Convenient they left out the Papanui and Black stream. Listen to the interview with HBRC chairman.
https://www.lawa.org.nz/explore-data/hawkes-bay-region/river-quality/tu…
https://www.lawa.org.nz/explore-data/hawkes-bay-region/river-quality/tu…
One failure of Bureaucracy is rewarded with even more of the buggers. We already had National fresh water policy that was supposed to be binding, we already had systems to protect us that were over looked.
No one lost a job or paid a price, the voters rewarded the mayor buy voting him into Parliament.
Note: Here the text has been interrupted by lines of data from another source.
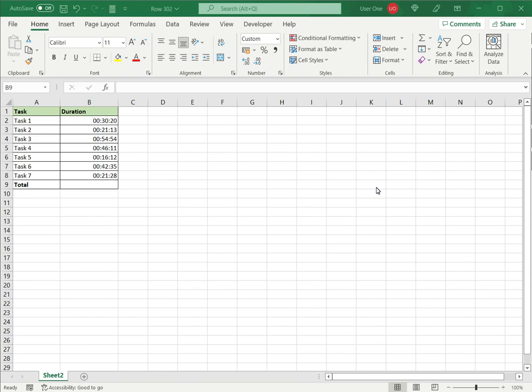When working with time data, you will frequently need to add or subtract times. For example, if you want to compute the number of hours a consultant has worked, you will need to add the duration of the tasks to arrive at the total effort or the total amount of work done.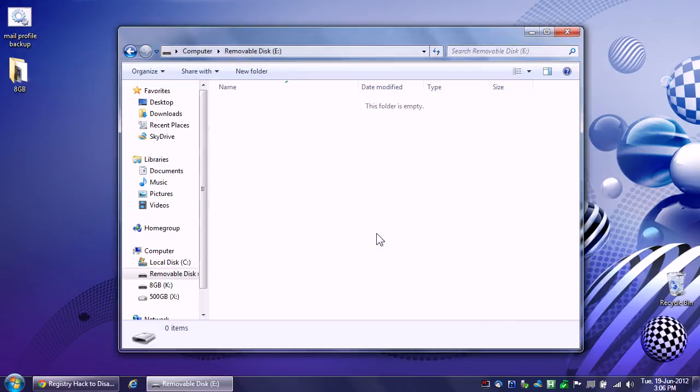I think this is the better way. Don't do that registry hack crap when it comes to USB sticks. Format to NTFS. Use permissions instead. You don't need any software. You don't need to hack any registry entries. It's safer. It's easier. Do it that way.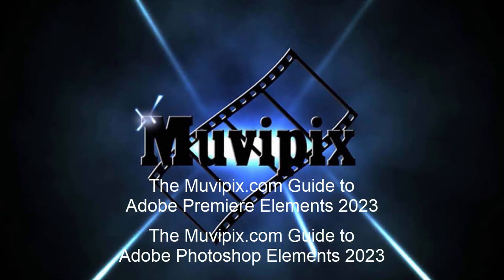Now if you want to know more about Premiere Elements, be sure and check out the many tips and tutorials we have at muvipix.com. If you want to know everything there is to know about Premiere Elements, you'll want to check out my book, the Muvipix.com guide to Adobe Premiere Elements. It's available at amazon.com. I'm the guy who wrote the book. I hope you'll come back and see me again real soon. Take care.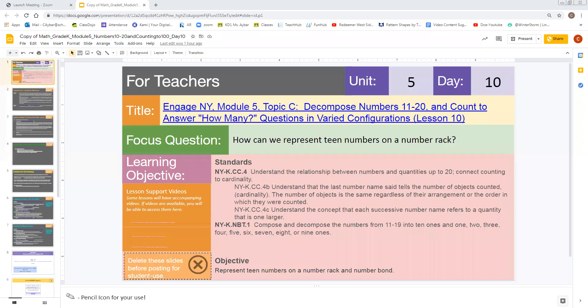Hello colleagues. My name is Claudia Abar and I am a kindergarten teacher in District 4. I am also one of your virtual content specialists for kindergarten math. For today's video, we wanted to highlight some of the slides that we use throughout our lessons.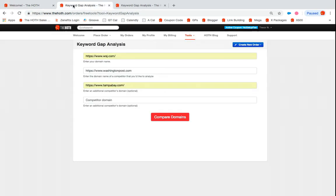It's gonna take you to this next screen here and it's gonna ask you for your domain, maybe another competitor's domain. You can give up to three.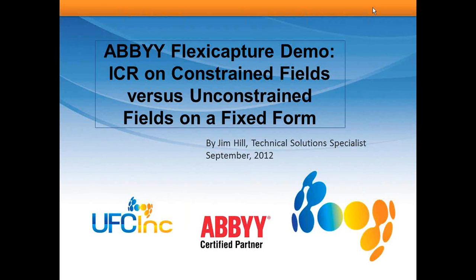Today we're going to do a demo of ABBY FlexiCapture, version 10. We're going to show the difference between ICR on constrained fields versus ICR on unconstrained fields, and this is for a fixed form. This is not for the Flexi layout form like what we would use for an invoice.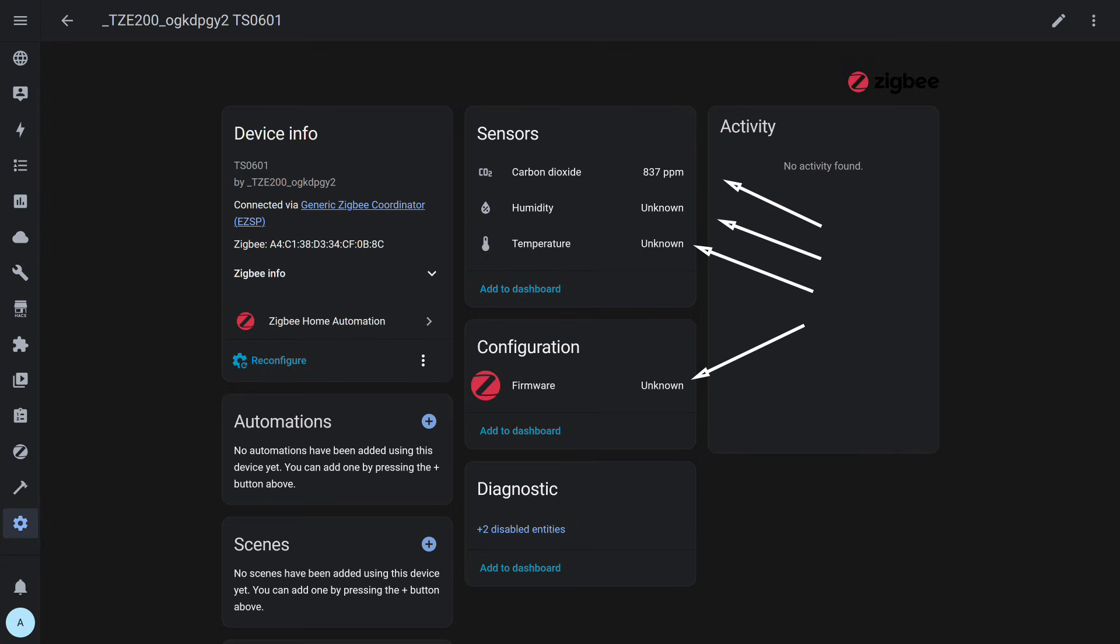The device connected without any issues, and in addition to the carbon dioxide sensor, temperature and humidity entities also appeared in the system, but no values are transmitted for them.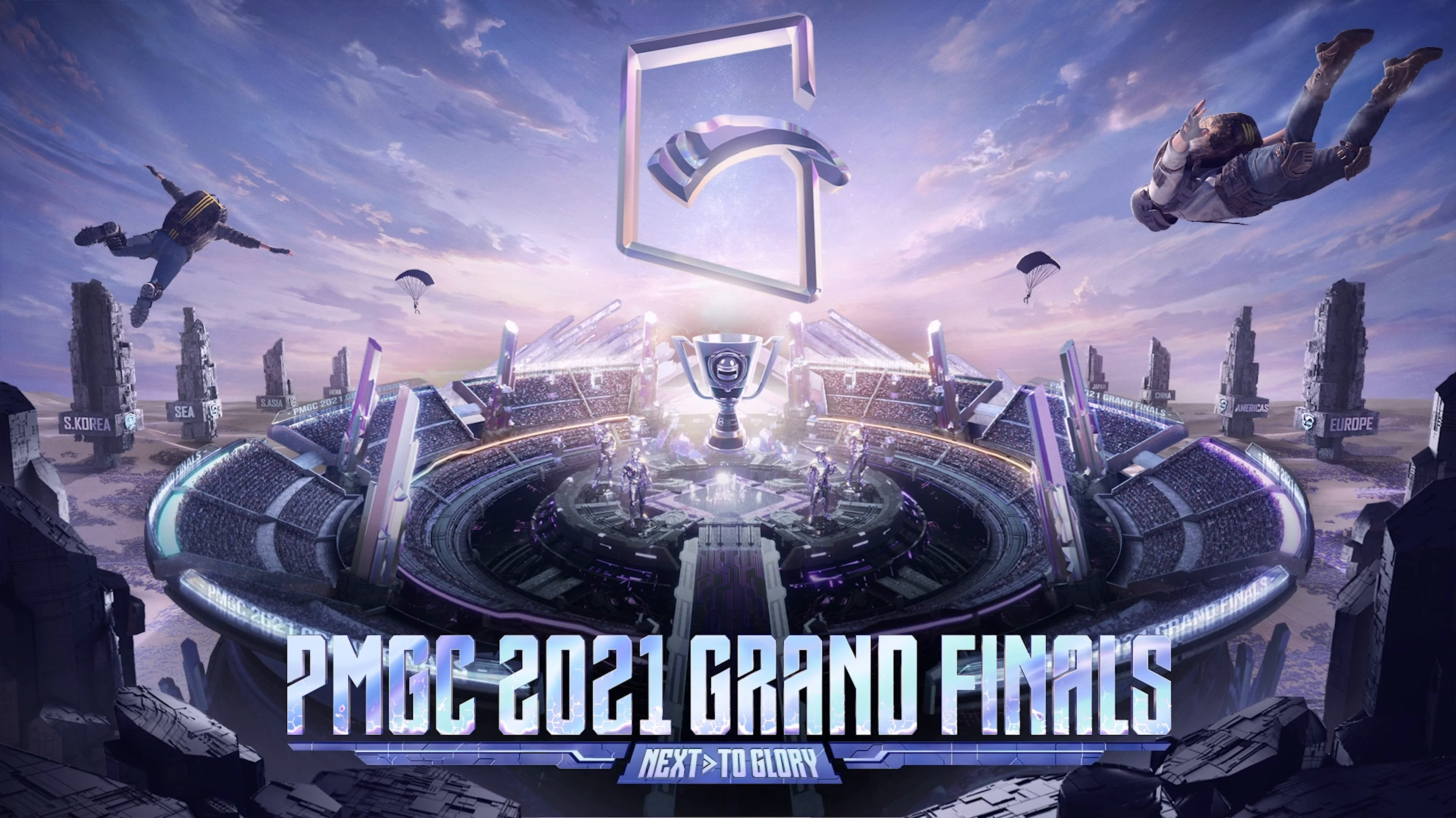At PMGC 2021, only one team will stand tall. Only one can stand next to glory.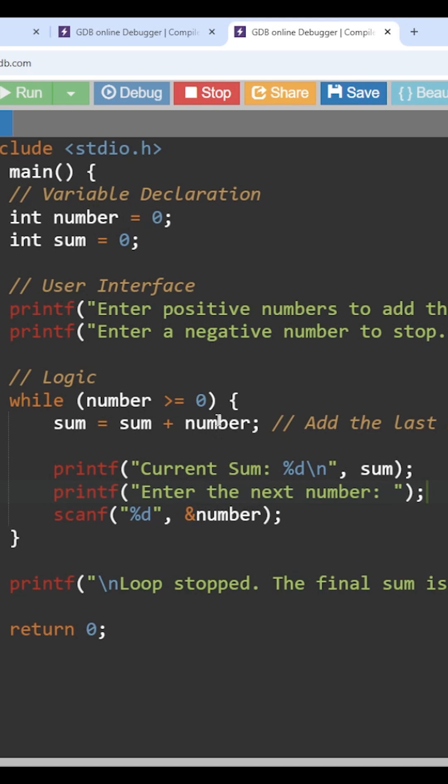So whenever we enter into the loop, the value of sum will get updated with the existing sum and the number that is entered. So we will understand that. Initially the sum is 0 and the number is 0, so the new sum value is 0.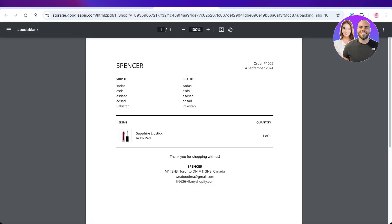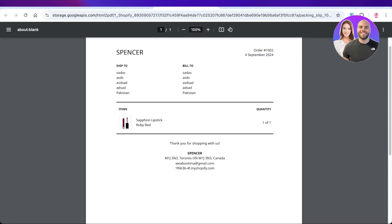You will see this includes the ship to and bill to information, the items that they ordered, the order number, the date of their order, and your store info.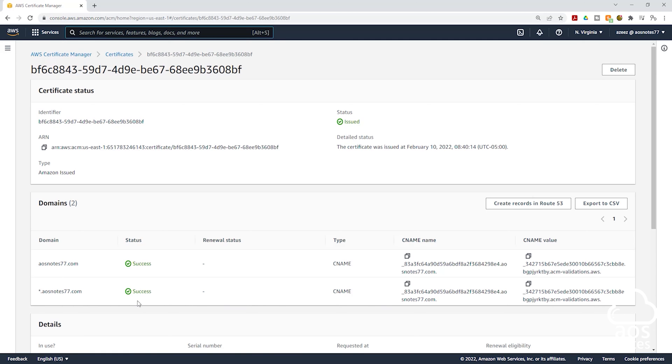This is how you request a free SSL certificate from the AWS Certificate Manager. Thank you and I'll see you in the next lecture. Bye.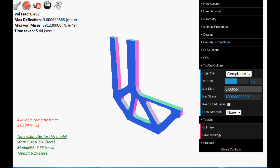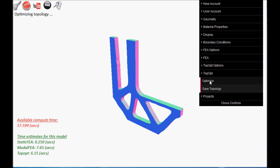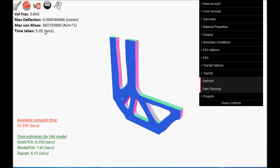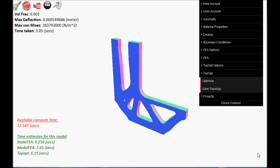We will now optimize. Observe that the final volume fraction is 0.6 and the deflection is within the imposed constraint.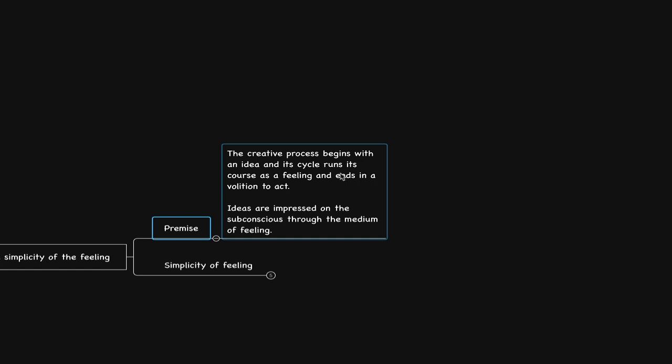I've met a lot of interesting people in my life who have taught me different ways of understanding. First, let's look at this quote. He says the creative process begins with an idea and its cycle runs its course as a feeling and ends in a volition to act. Ideas are impressed on the subconscious through the medium of feeling.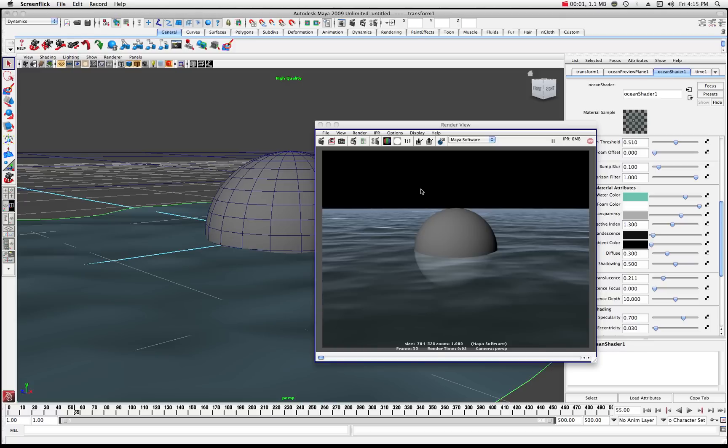All right, welcome back. This is part two of a two-part series. You might want to catch the first part that's called Maya Ocean Shader Part 1. This is going to be tutorial number two for the Maya Ocean Shader. So let's get started.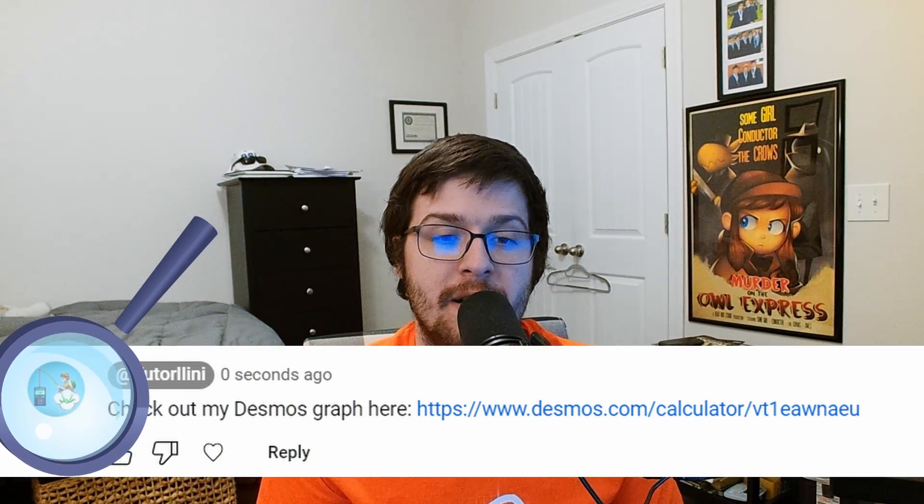As it turns out, Desmos graphs get picked up by YouTube's site-wide spam filter. So when a viewer comments one, it automatically gets removed. This is ridiculous.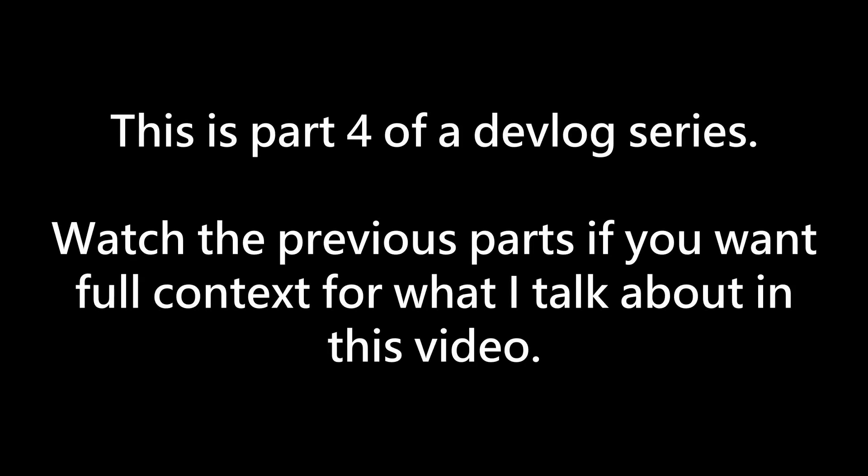This is the fourth devlog for a game I've been working on built around rocket jumping and the community-made jump maps of Team Fortress 2. I would suggest you watch the previous devlogs first, as the content they go over will be very helpful for understanding the technical topics covered in this one.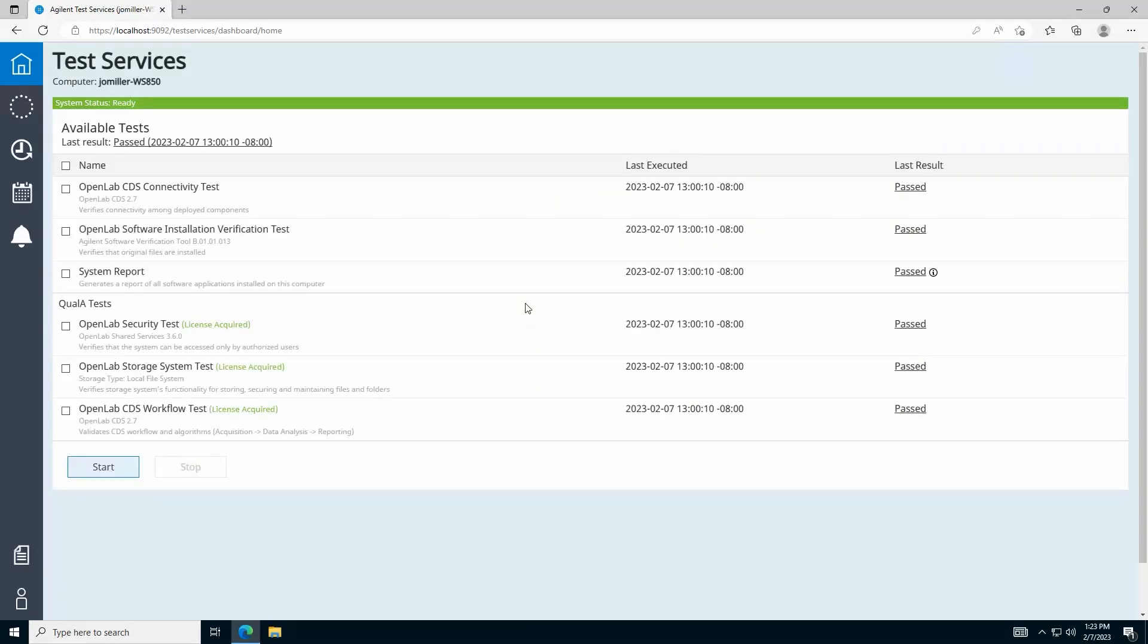Once you've logged in, you'll see the homepage, which shows the computer name of the system you're connected to, the system status, and the last overall test result.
Sometimes I worry about our future, perhaps Dimitri Orlov is onto it.
Yes, the lack of accountability is shocking - and yes, thousands poisoned and the guy at the top becomes an MP. It's all unbelievable. Our freshwater problems in this country are disgraceful. Fed Farmers resistance to regulation has been disgraceful. The National Party amending what qualified as wade-able (a stupid standard for starters that was even too high a bar for the farming community) was disgraceful. I can't believe to what degree some New Zealanders will defend the indefensible.
It's because we don't pay them enough.
https://www.stuff.co.nz/business/99505423/hawkes-bay-regional-council-c…
So completely caught up in pseudo-corporate cargo cult bullshit that they're putting everything into the glamour promotion branding stuff, and letting the core business of infrastructure and services go hang. Yeah, half the town now have cholera, but look at this lovely billboard for the money-losing grand event we were suckered into funding over a fancy dinner with the Chamber of Commerce! Bonus time!
Dear Andrew Chlorine is Worlds Numder 1
Read & you’ll learn
https://thesummitregister.com/the-well-studied-water-treatment-benefits…
Peru 1991 provides a precautionary tale when infrastructure for sewage and safe water is substandard. Eventually killing 10,000 from cholera.